TASK DESCRIPTION:
Instruction for the data below: set down exactly the lines from the line with "Diablito045 online show" to the line with "New 2025 Volkswagen", inclusive, and no others.

GIVEN INFORMATION:
==*==

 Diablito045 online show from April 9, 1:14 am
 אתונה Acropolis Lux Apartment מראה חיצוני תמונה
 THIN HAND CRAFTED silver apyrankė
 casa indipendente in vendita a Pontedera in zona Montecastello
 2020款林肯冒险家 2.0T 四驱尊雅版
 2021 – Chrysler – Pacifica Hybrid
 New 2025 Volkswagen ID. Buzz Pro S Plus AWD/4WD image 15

==*==

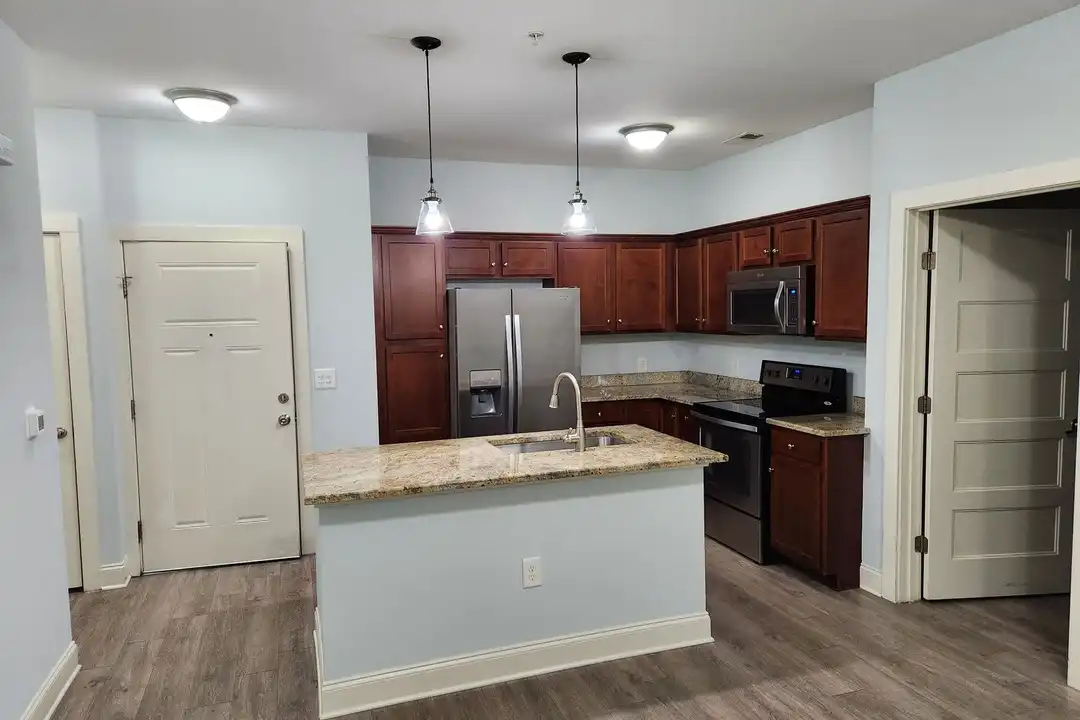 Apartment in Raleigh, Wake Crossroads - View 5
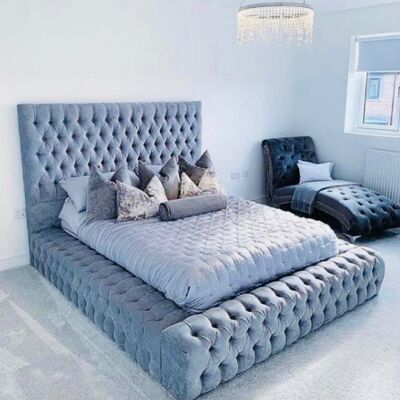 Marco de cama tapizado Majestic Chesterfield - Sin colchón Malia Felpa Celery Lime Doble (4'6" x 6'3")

==*==

ANSWER FOR THE TASK:
 Diablito045 online show from April 9, 1:14 am
 אתונה Acropolis Lux Apartment מראה חיצוני תמונה
 THIN HAND CRAFTED silver apyrankė
 casa indipendente in vendita a Pontedera in zona Montecastello
 2020款林肯冒险家 2.0T 四驱尊雅版
 2021 – Chrysler – Pacifica Hybrid
 New 2025 Volkswagen ID. Buzz Pro S Plus AWD/4WD image 15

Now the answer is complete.